# Instructions to follow:
Without any of the pictures, transcribe all the lines below exactly.

Top of Records shown

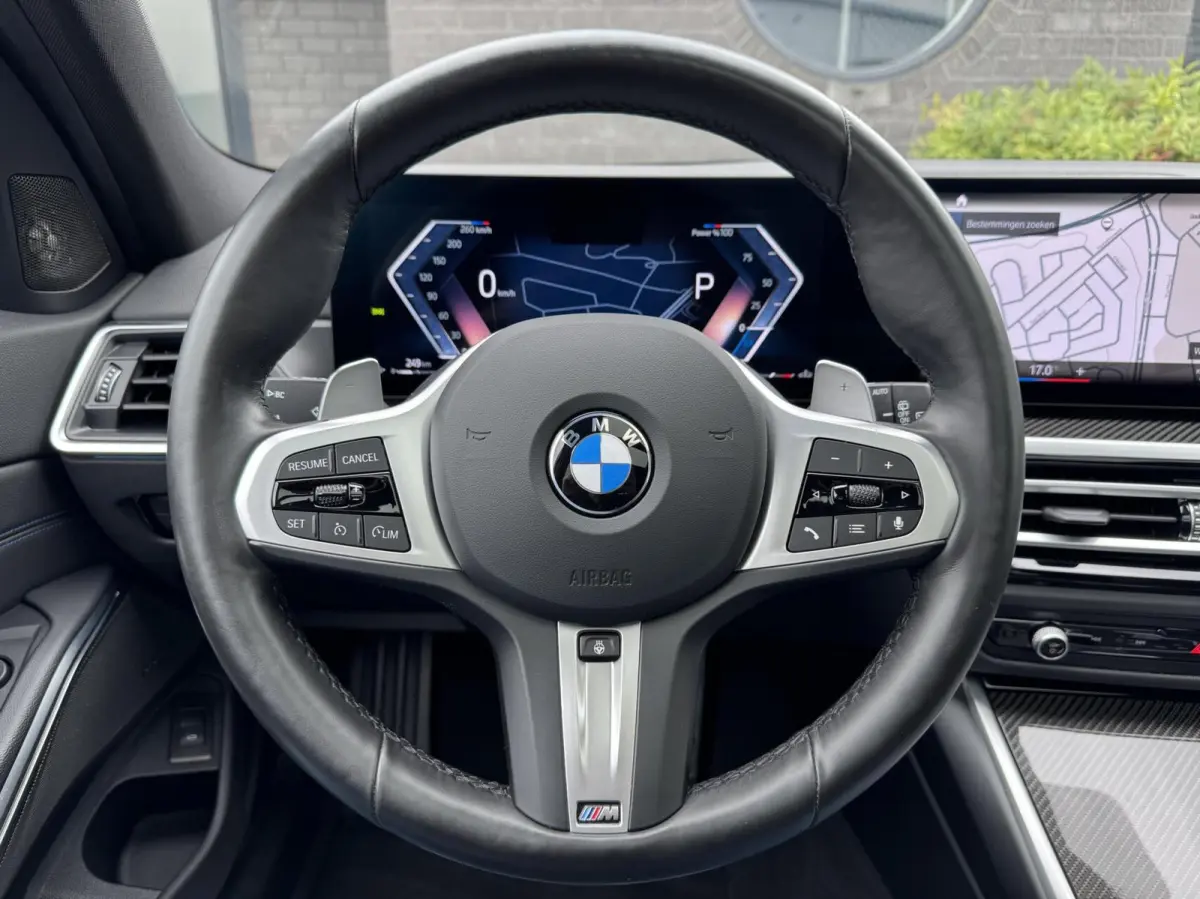 318i M Sport Pano Carbon H/K Brooklyn Grau Carplay Led
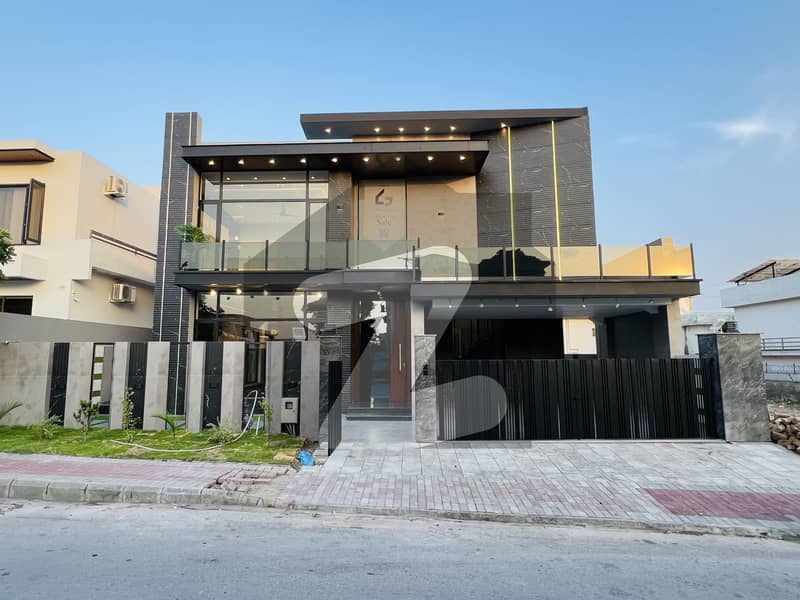 Marvelously Constructed Designer House With Great Aesthetic Sense . Marvelously Constructed Designer House With Great Aesthetic Sense .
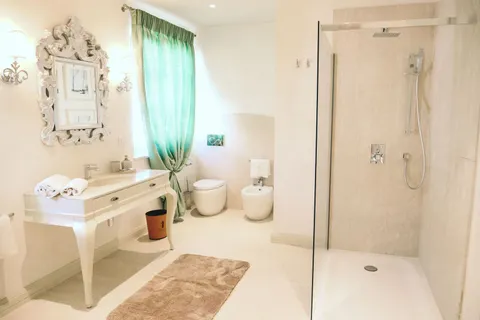 Istra, Vabriga - Raskošna i elegantna vila 288 m2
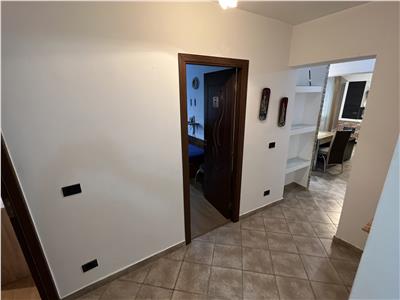 Apartament 3 camere,parter,balcon,parcare,boxa,ultracentral Scoala 9
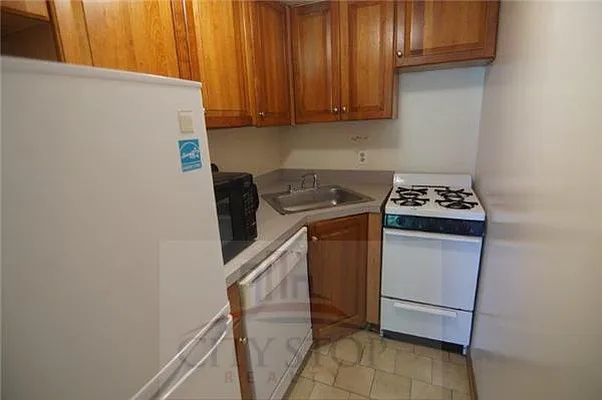 Rented by City Stop Realty | media 25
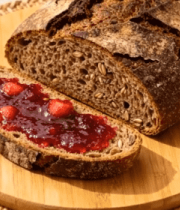 木盘上的面包与果酱特写5291#横屏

Bottom of Records shown

# Response to this exercise:
 318i M Sport Pano Carbon H/K Brooklyn Grau Carplay Led
 Marvelously Constructed Designer House With Great Aesthetic Sense . Marvelously Constructed Designer House With Great Aesthetic Sense .
 Istra, Vabriga - Raskošna i elegantna vila 288 m2
 Apartament 3 camere,parter,balcon,parcare,boxa,ultracentral Scoala 9
 Rented by City Stop Realty | media 25
 木盘上的面包与果酱特写5291#横屏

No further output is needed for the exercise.